Holy crap. I managed to get only 500 words of the first chapter on the page last night, went to bed at 11:30, and was too brain-tired to get up on time for the gym (which makes me feel awful, I hate missing a day).
I keep getting stuck on age-group, vocabulary, and oh-my-god is this hackish?
What do I do? Do I just write and write and let it hit the page as is and let my beta readers give me the whammy on the first chapter to set me on the right path regarding tone?
I keep thinking, "I could have understood this when i was 10." And then going with that. If I could get it when I was 10, it has to be okay. I was a readie mcreaderson when I was a kid, and would read whatever I could get my hands on. That's the kid I want to write for.
Ugh. Hard. I knew it would be, and it's not like pushing a boulder up hill, it's like taking my brain out, putting it back in backwards, and hoping for the best.
Do I just write and write and let it hit the page as is and let my beta readers give me the whammy on the first chapter to set me on the right path regarding tone?
Yes. Then, send it to Suzi and see if CJ likes it and Hec to see if Emmett likes it. They're both 12 and you're writing for middle school, so it should reach them, too.
I agree. I think you just write the story you want to tell, and afterwards you can check it for age appropriateness.
Allyson, coming from writing for the YA camp, the worst thing you can do is overthink the age group you're writing for. Whatever you do, don't write down or try to write what you THINK they might like. Just write the story as it's coming to you-- the rest of it, like the dialogue, is all tweakable.
And if you need other betas, I have voracious readers of the 10 and 12 year old variety. And of course, if you'd like, I'll beta for you as well. Anything you need.
Oh, and keep in mind, kids always like reading up-- so a middle grader will want to read about thirteen/fourteen and up.

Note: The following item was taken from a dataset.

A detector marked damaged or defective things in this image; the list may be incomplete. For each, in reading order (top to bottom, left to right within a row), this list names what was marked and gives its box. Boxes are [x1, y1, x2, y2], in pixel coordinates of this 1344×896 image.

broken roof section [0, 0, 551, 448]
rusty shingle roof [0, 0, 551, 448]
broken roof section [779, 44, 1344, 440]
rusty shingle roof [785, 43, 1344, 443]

Thirding. Just let it onto the page, and tweak it later. If you're writing for your inner 10 year old, your tone should be pretty much dead on. But CJ and Emmett would be a good control group.

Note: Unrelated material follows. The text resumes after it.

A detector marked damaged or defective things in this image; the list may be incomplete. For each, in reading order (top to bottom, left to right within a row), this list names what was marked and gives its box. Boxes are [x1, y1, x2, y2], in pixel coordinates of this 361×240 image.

And if you need other betas, I have voracious readers of the 10 and 12 year old variety.
And I have a 10-year old niece who is also a great reader and animal lover (although she has recently decided that she wants to be an architect instead of a vet).
That's a great idea. I posed the question to JZ in natter. I hope it isn't an inappropriate request. The most I can offer is a bat named Emmett and his name in the acknowledgements.

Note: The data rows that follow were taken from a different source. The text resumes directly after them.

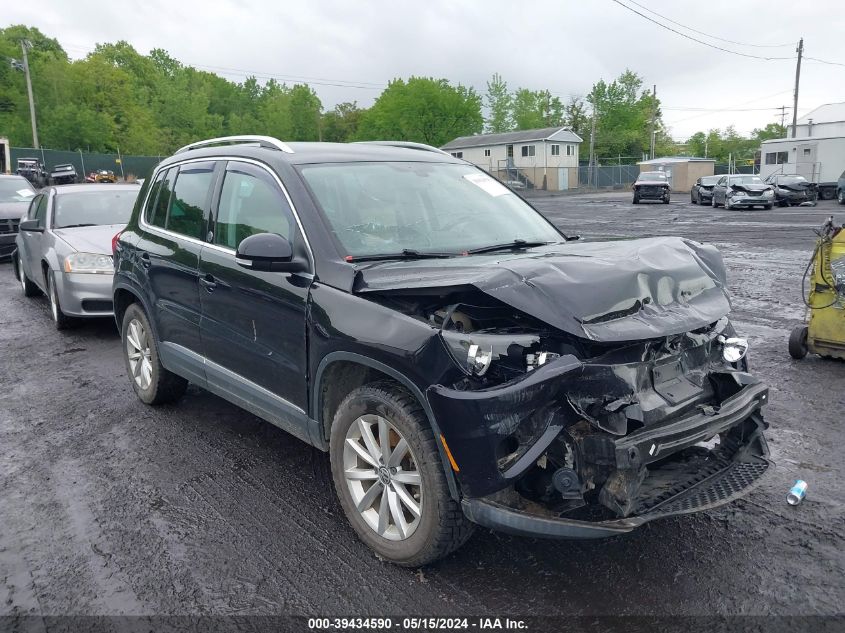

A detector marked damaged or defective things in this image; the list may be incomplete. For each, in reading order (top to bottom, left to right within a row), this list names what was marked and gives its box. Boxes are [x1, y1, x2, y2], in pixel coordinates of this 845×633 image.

crumpled hood [0, 205, 29, 222]
crumpled hood [52, 221, 125, 253]
crumpled hood [352, 236, 728, 340]
broken headlight [438, 330, 536, 376]
damaged front end [426, 314, 768, 536]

I booked my ticket to Houston to stay with a friend and visit the Waugh bridge to see the bats (which are my species) fly out to hunt at dusk and am going to call the conservation folks today to see if I can make a bat appointment. An old Bronzer friend is married to a bat biologist, (she's a professor at A&M) and is checking to see if he'll be available to show me the lab.
I really do want to get behavioral/biological details right, even though the elements are in the realm of the fantastic.
Thank you, Allyson, from the bottom of my heart. I think that's of great importance. I know storytellers have anthropomorphized animals since the dawn of time, and I understand the reasons. But trying to re-teach a five-year-old that actual lions don't have the family dynamic of The Lion King is hard.
Not--that your story is in any way comparable to Disney travesties.
Bat caves! Such a great idea, Allyson. And echoing what everyone else said -- write the story the way you hear it, and worry about tweaking later.
Barb, that snippet is awesome. What's it for? Or is it just a seed so far?